■ Your goal:
For this exercise, output the entries below exactly from the line that holds "thumbnail image 5" to the line that holds "Join Us On Sunday, Tapestry", both ends included. No pictures belong in the copy.

■ Information:
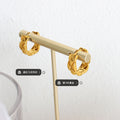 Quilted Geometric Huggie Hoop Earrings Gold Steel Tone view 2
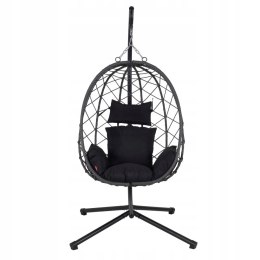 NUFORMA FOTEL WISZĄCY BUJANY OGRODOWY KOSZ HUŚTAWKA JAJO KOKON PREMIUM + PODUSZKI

* * *

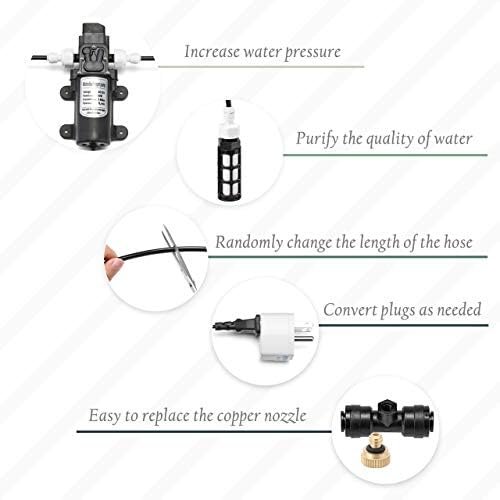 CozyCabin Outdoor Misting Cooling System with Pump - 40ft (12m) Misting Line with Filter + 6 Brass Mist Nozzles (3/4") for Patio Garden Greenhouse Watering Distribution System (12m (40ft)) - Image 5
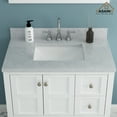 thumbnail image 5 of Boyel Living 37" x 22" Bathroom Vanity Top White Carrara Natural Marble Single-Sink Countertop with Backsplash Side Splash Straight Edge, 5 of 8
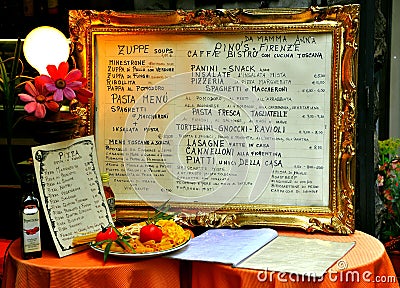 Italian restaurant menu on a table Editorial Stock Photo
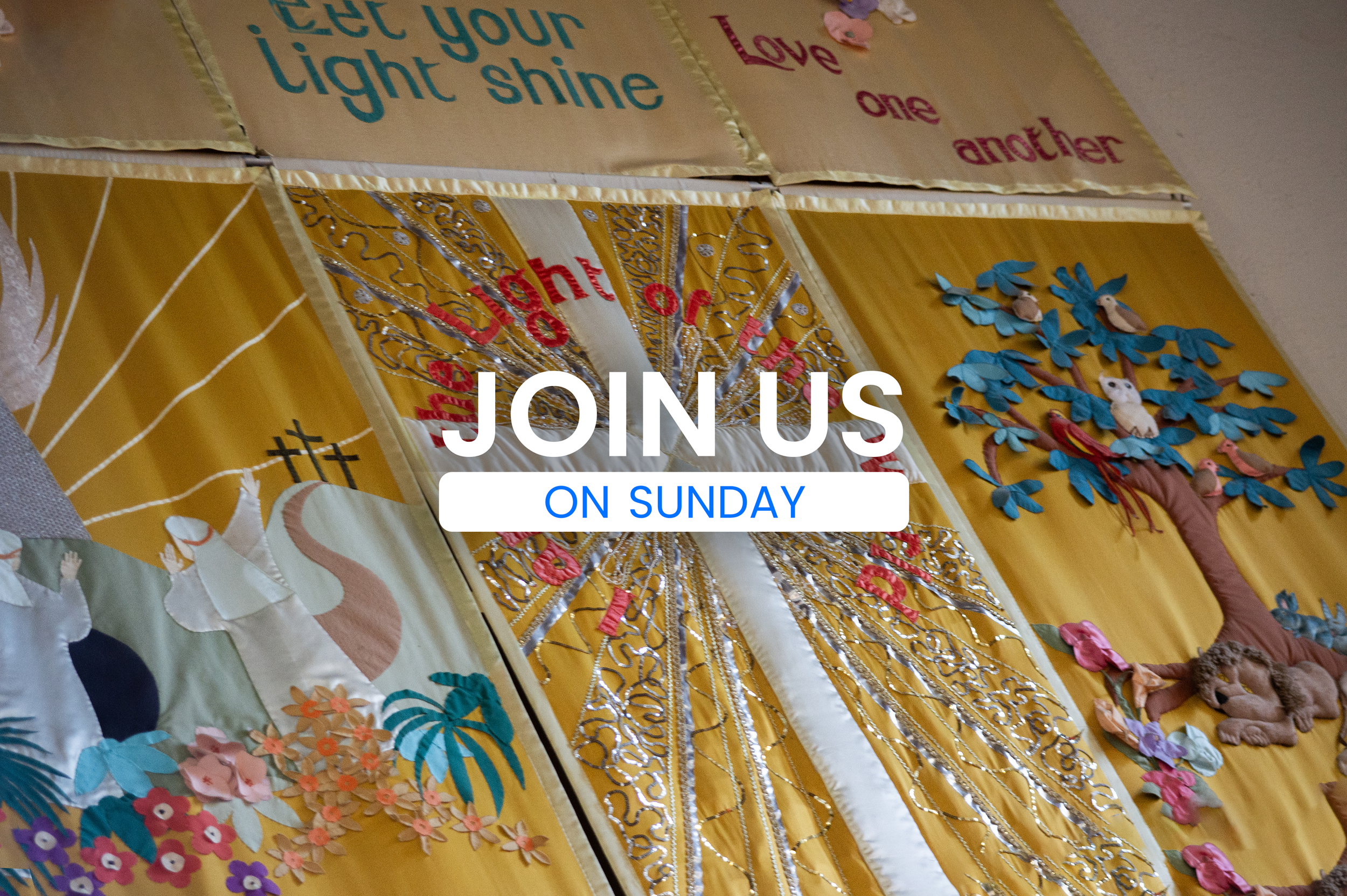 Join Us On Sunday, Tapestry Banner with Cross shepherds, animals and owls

==

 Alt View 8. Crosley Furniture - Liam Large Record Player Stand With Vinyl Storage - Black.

■ Result of the task:
 thumbnail image 5 of Boyel Living 37" x 22" Bathroom Vanity Top White Carrara Natural Marble Single-Sink Countertop with Backsplash Side Splash Straight Edge, 5 of 8
 Italian restaurant menu on a table Editorial Stock Photo
 Join Us On Sunday, Tapestry Banner with Cross shepherds, animals and owls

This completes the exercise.